[Stored data entries]
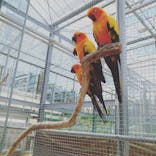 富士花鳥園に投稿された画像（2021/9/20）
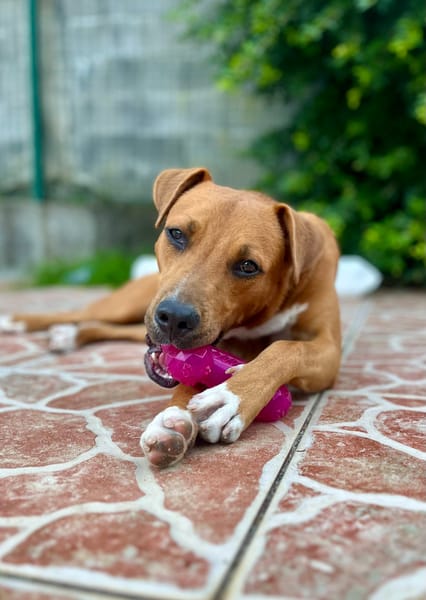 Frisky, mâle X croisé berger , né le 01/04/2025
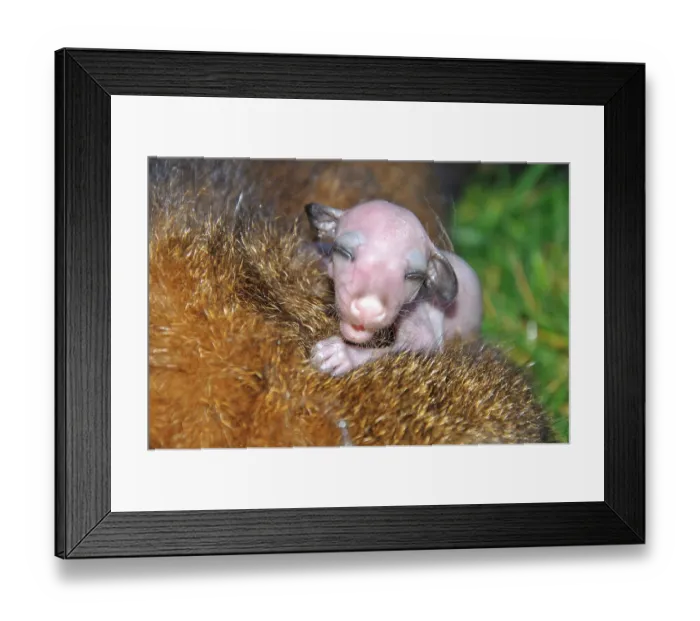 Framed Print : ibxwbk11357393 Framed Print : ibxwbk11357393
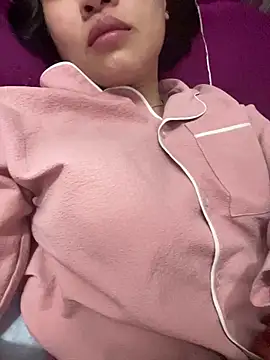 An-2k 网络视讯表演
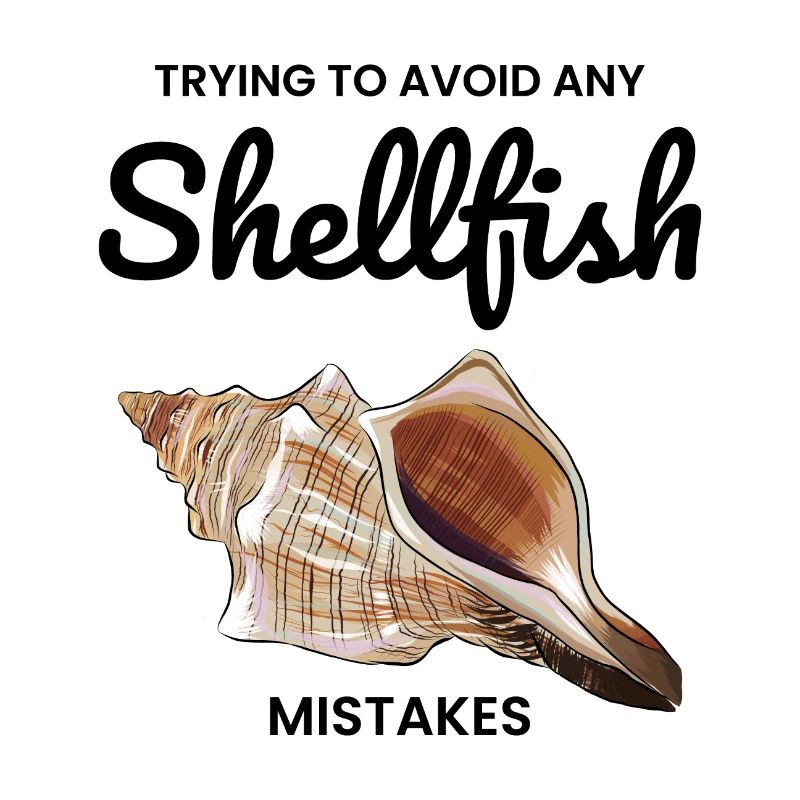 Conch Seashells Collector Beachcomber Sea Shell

§ WHAT THE TASK REQUIRES: Find the line containing "Frisky, mâle X", then extract it and every line after it to the end of the data above, exactly and nothing else, without pictures.

§ ANSWER AREA:
 Frisky, mâle X croisé berger , né le 01/04/2025
 Framed Print : ibxwbk11357393 Framed Print : ibxwbk11357393
 An-2k 网络视讯表演
 Conch Seashells Collector Beachcomber Sea Shell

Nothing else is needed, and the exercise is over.